Session 1

Introduction to AI & Development Utilities

Demystifying AI Jargon

Go beyond buzzwords and gain the confidence to discuss AI strategy with colleagues and leadership, positioning yourself as an informed resource.

Understanding LLMs

Learn the core capabilities and limitations of Large Language Models (LLMs) to accurately scope AI projects and determine when an LLM is the right tool for a business process.

Tooling Setup

Get familiar with the essential environments you'll need to start prototyping AI solutions immediately.

Session 2

The Art of Conversation - Mastering Prompt Engineering

Crafting Effective Prompts

Learn systematic techniques to unlock maximum performance, enabling you to automate tasks like summarizing legal documents, generating compelling marketing copy, or instantly converting natural language into code (code generation).

Taming Model Behavior

Master advanced strategies to guide models for specific, reliable outputs, ensuring your AI applications reduce errors and maintain brand consistency in customer-facing interactions.

Session 3

Hands-On Model Workshop - Proprietary, Open-Weight, and Small Models

Hands-on Using Proprietary Models

Gain practical experience integrating state-of-the-art models to build high-performance applications like advanced customer service bots or nuanced content creators.

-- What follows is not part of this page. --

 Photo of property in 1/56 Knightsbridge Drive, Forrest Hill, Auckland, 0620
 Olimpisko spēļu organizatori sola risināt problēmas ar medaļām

Hands-on Using Open-Weight Models

Learn how to deploy and utilize customizable open-source models, enabling you to control costs and ensure data privacy by running powerful AI models locally or on private cloud infrastructure.

SMoL Models (Small Models)

Discover how small, specialized models can be used for cost-efficient, low-latency tasks, making AI viable for high-volume processes like real-time data classification or mobile device deployment.

Session 4

Architecting Intelligent Applications

Building Apps with AI Agents

Learn to design multi-step applications that execute complex workflows, giving insight to automate entire business processes.

Challenges with AI Apps

Understand real-world obstacles (hallucinations, security, cost) to build robust, production-ready AI tools that meet enterprise standards and genuinely solve user problems without constant babysitting.

Session 5

Data Integration - AI for Analytics and Retrieval-Augmented Generation (RAG)

AI for Data Analytics

Leverage LLMs to instantly summarize complex reports, generate quick visual analytics code, and derive actionable insights from internal datasets faster than traditional methods.

Introduction to RAG

Understand RAG to ground LLMs in your organization's private documents, like internal handbooks or research papers, ensuring the AI's responses are accurate, current, and relevant to your specific business context.

Hands-on RAG Implementation

Build a working RAG assistant, enabling you to create a powerful internal knowledge search engine or specialized HR assistant that can accurately answer questions based on company policy.

Session 6 • Advanced

The Future of Automation - Agentic AI

AI Agents & Agentic AI

Dive into the architecture of autonomous AI systems. Learn how to design complex, long-running agent systems that can tackle high-value automation tasks like financial modeling, or synthetic podcast generator, dramatically increasing organizational efficiency.